*** Opening of Recorded data ***
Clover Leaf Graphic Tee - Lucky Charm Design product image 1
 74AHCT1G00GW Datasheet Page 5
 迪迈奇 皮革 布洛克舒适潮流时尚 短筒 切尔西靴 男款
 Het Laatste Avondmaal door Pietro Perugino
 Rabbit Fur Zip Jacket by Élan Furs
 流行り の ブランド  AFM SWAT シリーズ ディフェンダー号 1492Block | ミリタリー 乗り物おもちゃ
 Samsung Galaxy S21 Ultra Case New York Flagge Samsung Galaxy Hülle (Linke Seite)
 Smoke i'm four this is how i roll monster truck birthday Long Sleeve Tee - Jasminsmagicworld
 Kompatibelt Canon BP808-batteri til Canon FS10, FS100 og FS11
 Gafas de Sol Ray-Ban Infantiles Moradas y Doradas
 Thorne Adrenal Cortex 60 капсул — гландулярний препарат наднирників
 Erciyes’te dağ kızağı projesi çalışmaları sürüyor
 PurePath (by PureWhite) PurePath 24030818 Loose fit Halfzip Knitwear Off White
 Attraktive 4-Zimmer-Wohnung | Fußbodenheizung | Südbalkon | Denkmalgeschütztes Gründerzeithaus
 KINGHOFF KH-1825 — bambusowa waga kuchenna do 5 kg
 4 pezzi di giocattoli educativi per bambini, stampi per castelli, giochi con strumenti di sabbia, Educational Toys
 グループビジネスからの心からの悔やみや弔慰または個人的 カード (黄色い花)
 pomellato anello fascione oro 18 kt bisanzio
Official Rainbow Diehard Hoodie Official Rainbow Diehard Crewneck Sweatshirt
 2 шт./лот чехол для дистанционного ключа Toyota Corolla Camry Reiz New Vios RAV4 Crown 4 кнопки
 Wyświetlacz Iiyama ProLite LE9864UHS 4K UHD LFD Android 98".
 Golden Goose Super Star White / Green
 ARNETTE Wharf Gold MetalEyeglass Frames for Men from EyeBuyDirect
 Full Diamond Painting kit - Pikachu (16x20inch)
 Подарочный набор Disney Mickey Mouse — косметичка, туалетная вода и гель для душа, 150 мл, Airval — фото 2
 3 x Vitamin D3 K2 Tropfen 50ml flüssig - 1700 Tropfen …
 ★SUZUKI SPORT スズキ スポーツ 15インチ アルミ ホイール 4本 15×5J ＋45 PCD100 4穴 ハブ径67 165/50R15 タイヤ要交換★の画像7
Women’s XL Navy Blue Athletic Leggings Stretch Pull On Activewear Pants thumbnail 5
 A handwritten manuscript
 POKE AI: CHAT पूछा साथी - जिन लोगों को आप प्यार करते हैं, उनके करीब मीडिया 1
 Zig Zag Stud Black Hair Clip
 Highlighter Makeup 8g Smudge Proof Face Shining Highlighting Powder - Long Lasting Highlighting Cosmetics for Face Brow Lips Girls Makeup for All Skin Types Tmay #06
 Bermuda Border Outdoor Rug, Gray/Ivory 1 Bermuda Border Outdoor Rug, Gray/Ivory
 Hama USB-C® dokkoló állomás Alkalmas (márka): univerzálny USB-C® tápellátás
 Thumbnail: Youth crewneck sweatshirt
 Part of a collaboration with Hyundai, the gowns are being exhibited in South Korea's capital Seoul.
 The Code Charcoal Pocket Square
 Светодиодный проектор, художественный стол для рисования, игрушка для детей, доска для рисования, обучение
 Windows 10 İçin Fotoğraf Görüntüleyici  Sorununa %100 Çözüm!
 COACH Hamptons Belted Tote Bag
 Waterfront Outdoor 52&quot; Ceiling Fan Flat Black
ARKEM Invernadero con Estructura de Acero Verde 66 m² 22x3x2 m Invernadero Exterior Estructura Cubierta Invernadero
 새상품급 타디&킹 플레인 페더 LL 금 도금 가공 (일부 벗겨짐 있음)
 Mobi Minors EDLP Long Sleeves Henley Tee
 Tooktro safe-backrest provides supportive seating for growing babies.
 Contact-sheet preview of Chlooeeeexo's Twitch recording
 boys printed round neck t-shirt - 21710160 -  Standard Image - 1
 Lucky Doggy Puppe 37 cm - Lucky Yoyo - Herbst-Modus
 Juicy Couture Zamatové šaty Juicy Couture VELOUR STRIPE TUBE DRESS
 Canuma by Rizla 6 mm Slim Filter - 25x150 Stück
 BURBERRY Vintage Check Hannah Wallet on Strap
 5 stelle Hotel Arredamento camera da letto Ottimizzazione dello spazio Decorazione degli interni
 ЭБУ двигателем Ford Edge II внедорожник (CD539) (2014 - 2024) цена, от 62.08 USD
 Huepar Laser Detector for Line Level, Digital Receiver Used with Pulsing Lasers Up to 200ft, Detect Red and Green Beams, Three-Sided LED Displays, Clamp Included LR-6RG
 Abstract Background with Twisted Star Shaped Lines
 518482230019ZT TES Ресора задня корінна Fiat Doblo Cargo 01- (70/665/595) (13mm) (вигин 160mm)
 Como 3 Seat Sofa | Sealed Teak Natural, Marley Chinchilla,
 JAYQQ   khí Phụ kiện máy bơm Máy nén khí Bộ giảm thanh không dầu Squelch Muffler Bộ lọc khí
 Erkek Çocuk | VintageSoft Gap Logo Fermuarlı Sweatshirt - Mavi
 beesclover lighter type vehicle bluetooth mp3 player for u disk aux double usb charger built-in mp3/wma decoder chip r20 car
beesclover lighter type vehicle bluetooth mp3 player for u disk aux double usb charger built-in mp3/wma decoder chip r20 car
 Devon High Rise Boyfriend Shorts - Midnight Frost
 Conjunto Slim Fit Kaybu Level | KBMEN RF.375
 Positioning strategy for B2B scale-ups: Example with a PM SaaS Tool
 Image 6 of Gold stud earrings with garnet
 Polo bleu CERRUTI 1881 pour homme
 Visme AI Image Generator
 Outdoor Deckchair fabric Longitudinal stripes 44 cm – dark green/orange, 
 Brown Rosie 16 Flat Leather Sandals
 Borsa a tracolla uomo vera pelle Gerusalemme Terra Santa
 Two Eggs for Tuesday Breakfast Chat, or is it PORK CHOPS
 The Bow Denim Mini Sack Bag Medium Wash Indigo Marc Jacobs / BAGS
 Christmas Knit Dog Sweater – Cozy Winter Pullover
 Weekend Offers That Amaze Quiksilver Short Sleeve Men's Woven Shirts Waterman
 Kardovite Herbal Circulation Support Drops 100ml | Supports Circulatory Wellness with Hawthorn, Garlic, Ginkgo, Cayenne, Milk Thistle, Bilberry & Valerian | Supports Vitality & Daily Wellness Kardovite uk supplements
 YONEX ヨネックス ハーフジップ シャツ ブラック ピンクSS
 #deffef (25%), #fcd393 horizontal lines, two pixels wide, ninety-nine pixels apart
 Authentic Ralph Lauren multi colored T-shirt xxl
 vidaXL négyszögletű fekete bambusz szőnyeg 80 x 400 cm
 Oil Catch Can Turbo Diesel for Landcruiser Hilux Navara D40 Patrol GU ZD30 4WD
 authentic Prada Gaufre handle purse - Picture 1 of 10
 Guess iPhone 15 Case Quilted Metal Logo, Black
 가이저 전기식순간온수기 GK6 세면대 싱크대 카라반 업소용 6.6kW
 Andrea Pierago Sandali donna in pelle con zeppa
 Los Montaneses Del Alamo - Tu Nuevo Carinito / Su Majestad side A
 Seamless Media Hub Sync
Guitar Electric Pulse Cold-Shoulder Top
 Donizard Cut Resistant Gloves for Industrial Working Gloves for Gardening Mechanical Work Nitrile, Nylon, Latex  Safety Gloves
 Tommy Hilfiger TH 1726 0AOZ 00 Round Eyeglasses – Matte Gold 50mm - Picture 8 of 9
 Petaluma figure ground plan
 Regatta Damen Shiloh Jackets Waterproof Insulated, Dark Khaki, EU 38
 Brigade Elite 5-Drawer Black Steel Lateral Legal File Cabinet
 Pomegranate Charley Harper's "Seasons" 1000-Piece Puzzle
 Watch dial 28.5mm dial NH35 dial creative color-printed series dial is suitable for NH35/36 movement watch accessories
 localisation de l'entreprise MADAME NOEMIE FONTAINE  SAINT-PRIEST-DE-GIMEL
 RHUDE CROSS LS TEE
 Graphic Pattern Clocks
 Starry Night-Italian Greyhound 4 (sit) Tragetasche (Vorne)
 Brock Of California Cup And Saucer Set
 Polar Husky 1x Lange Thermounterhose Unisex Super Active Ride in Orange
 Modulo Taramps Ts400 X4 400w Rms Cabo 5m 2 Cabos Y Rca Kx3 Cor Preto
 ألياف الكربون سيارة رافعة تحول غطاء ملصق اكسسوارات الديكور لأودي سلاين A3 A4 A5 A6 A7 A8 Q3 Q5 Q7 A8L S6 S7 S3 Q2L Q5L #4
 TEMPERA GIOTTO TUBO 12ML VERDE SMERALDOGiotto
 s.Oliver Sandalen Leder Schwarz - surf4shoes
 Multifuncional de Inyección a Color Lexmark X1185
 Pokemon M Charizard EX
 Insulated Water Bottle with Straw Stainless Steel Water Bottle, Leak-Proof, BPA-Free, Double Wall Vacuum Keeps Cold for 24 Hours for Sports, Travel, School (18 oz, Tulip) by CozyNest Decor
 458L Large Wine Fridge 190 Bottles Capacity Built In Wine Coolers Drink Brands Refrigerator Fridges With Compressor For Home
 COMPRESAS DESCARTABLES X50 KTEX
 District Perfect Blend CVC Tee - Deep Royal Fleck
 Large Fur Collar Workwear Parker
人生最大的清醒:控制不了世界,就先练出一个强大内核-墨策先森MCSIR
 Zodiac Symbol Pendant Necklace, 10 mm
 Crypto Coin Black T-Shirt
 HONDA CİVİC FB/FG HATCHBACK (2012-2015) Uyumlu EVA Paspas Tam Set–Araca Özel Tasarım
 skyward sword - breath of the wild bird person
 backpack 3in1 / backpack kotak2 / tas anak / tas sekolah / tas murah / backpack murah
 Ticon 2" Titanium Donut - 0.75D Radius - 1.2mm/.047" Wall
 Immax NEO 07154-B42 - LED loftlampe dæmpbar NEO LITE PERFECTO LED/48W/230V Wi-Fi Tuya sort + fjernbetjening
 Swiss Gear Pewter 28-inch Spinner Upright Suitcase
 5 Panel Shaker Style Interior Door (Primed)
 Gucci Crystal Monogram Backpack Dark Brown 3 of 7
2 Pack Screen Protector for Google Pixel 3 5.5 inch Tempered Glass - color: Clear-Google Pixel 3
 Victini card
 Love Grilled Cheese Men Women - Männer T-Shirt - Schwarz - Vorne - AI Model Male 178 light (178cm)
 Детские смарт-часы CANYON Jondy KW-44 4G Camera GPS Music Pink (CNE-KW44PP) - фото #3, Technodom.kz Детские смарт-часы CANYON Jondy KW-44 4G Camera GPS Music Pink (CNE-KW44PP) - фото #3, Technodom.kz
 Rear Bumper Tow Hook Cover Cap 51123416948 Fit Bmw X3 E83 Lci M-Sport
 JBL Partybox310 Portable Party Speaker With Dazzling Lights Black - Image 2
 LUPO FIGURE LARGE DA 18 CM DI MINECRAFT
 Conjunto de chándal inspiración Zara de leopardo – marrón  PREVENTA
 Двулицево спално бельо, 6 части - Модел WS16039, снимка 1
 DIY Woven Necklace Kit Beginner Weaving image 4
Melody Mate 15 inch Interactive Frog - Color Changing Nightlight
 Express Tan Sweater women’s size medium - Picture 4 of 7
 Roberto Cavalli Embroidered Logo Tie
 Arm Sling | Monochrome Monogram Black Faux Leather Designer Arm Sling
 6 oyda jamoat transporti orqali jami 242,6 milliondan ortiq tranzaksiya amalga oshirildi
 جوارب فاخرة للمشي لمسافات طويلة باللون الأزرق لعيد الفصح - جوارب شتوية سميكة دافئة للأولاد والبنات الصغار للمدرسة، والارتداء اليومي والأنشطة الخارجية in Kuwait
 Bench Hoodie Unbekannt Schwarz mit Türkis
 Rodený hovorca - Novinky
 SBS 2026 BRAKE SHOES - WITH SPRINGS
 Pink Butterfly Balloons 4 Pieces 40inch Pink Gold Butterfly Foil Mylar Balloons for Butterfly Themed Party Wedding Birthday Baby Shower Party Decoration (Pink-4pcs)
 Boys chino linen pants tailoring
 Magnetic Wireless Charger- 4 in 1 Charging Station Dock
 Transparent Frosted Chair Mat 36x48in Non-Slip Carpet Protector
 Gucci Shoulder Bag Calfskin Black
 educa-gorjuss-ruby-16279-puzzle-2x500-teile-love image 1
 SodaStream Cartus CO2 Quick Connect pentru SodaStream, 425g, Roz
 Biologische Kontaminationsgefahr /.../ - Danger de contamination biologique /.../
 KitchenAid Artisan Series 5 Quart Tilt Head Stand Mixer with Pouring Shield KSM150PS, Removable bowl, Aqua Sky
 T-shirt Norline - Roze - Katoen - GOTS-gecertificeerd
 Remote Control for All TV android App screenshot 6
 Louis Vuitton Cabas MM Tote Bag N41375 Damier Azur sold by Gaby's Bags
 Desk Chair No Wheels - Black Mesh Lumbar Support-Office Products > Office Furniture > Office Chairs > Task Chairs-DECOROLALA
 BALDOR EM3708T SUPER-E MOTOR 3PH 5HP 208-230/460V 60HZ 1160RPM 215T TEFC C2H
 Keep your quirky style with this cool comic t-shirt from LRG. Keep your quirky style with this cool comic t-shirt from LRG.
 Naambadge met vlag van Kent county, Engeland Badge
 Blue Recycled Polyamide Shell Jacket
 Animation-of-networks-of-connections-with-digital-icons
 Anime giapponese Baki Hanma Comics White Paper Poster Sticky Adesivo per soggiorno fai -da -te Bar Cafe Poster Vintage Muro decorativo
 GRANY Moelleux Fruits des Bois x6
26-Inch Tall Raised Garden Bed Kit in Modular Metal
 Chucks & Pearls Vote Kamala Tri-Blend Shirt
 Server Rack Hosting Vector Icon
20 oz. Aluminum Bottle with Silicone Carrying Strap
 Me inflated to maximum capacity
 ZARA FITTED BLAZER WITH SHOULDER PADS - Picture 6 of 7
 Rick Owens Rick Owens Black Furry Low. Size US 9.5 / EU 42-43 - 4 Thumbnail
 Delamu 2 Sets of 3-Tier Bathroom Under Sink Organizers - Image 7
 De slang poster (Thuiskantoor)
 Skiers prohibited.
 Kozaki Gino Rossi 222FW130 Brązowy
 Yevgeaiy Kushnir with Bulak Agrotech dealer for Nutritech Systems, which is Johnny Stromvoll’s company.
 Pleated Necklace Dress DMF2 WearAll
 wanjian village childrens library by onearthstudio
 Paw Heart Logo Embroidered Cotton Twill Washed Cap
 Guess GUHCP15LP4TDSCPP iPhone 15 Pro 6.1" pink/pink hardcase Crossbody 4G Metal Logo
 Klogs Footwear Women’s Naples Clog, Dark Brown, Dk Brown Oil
*** Close of Recorded data ***
▶ _Work task_
Here the output must be the lines above from the line with "LUPO FIGURE LARGE DA 18 CM DI MINECRAFT" to the line with "Boys chino linen pants tailoring", both included, duplicated word for word and nothing else.

▶ _Solution to this exercise_
 LUPO FIGURE LARGE DA 18 CM DI MINECRAFT
 Conjunto de chándal inspiración Zara de leopardo – marrón  PREVENTA
 Двулицево спално бельо, 6 части - Модел WS16039, снимка 1
 DIY Woven Necklace Kit Beginner Weaving image 4
Melody Mate 15 inch Interactive Frog - Color Changing Nightlight
 Express Tan Sweater women’s size medium - Picture 4 of 7
 Roberto Cavalli Embroidered Logo Tie
 Arm Sling | Monochrome Monogram Black Faux Leather Designer Arm Sling
 6 oyda jamoat transporti orqali jami 242,6 milliondan ortiq tranzaksiya amalga oshirildi
 جوارب فاخرة للمشي لمسافات طويلة باللون الأزرق لعيد الفصح - جوارب شتوية سميكة دافئة للأولاد والبنات الصغار للمدرسة، والارتداء اليومي والأنشطة الخارجية in Kuwait
 Bench Hoodie Unbekannt Schwarz mit Türkis
 Rodený hovorca - Novinky
 SBS 2026 BRAKE SHOES - WITH SPRINGS
 Pink Butterfly Balloons 4 Pieces 40inch Pink Gold Butterfly Foil Mylar Balloons for Butterfly Themed Party Wedding Birthday Baby Shower Party Decoration (Pink-4pcs)
 Boys chino linen pants tailoring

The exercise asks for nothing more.